Extracted material
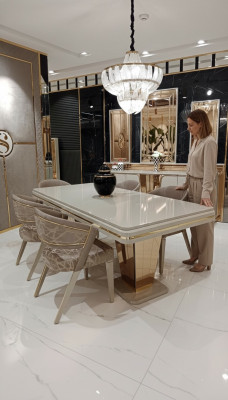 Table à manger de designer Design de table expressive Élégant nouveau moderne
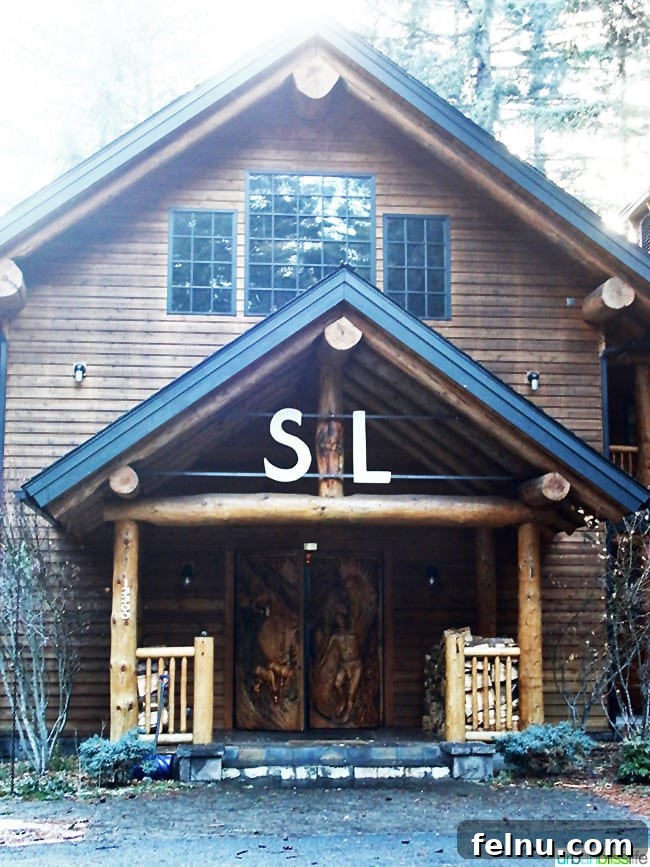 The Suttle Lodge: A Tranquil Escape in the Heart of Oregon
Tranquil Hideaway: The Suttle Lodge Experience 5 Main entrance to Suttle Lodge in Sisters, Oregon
---
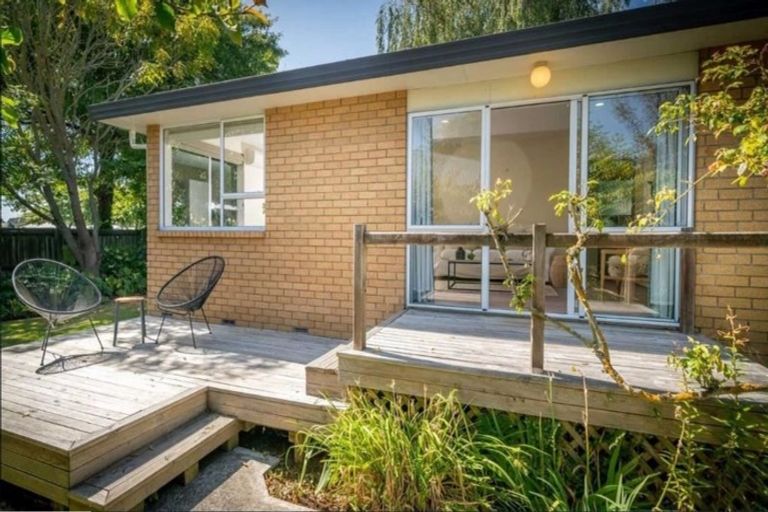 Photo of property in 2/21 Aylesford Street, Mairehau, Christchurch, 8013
==
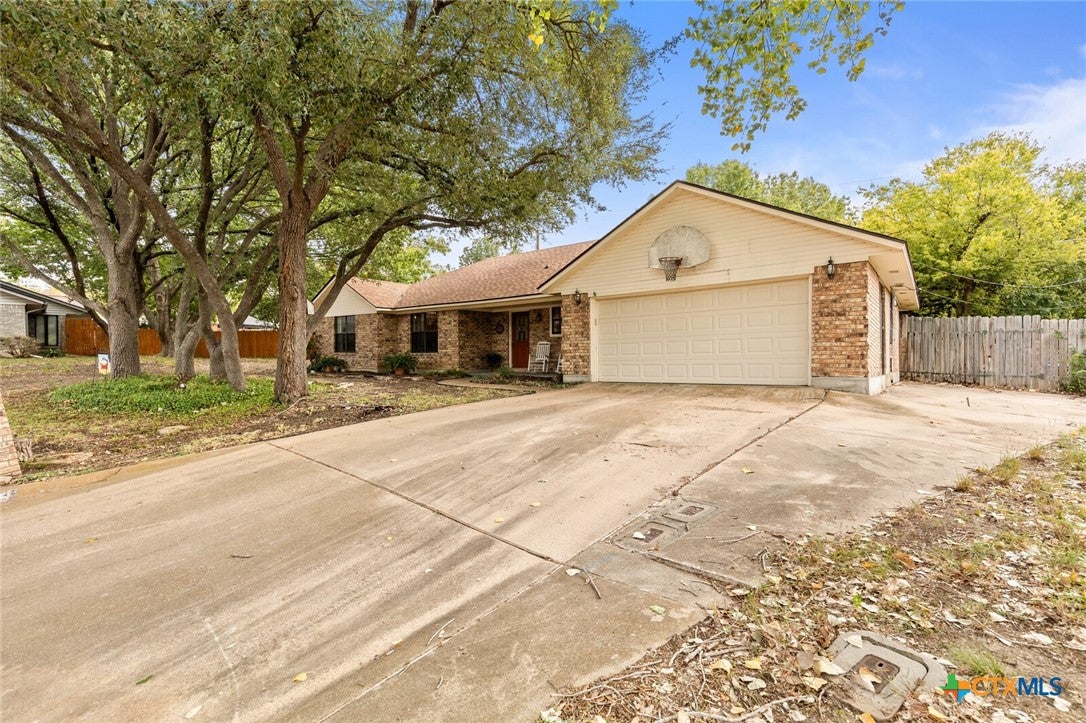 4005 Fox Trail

Task brief
Output exactly the stretch of the listing that begins at the line containing "The Suttle Lodge: A" and ends at the line containing "Tranquil Hideaway: The", both kept. Omit pictures and everything else.

Output below
 The Suttle Lodge: A Tranquil Escape in the Heart of Oregon
Tranquil Hideaway: The Suttle Lodge Experience 5 Main entrance to Suttle Lodge in Sisters, Oregon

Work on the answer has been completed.